The scientific and educational collaboration promoted by the Fulbright program can and should be a powerful antidote to mistrust between nations. A few years ago, when tensions between Norway and Russia dominated the front pages, as they still do today, the Director of the Norwegian Institute of Marine Research celebrated in Aftenposten 60 years of fruitful collaboration between Norwegian and Russian ocean scientists, extending through the iciest depths of the Cold War; a collaboration, she wrote, that in its disregard for political animosities reflected in both countries a “conviction that research is more lasting than politics.”
It is these days encouraging to be reminded of that other realm, of letters and science, in which the Fulbright program operates, and which transcends political differences and boundaries. It is a resilient realm, and one which has endured since Tom Paine wrote these eloquent words about letters and science in 1791, 230 years ago.

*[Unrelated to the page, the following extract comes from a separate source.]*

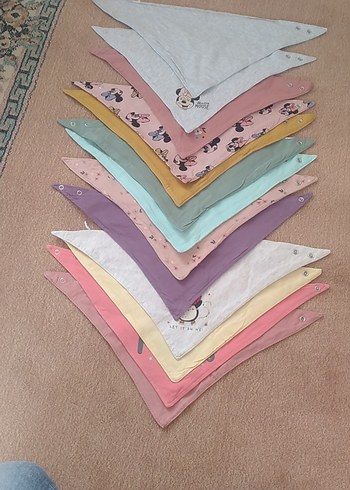 Diğer Nakışlı Çok Renkli Pastel Bebek Önlükleri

Letters, the tongue of the world, have in some measure brought all mankind acquainted, and, by an extension of their uses, are every day promoting some new friendship. Through them distant nations became capable of conversation, and losing by degrees the awkwardness of strangers, and the moroseness of suspicion, they learn to know and understand each other. Science, the partisan of no country, but the beneficent patroness of all, has liberally opened a temple where all may meet. Her influence on the mind, like the sun on the chilled earth, has long been preparing it for higher cultivation and further improvement. The philosopher of one country sees not an enemy in the philosopher of another: he takes his seat in the temple of science, and asks not who sits beside him.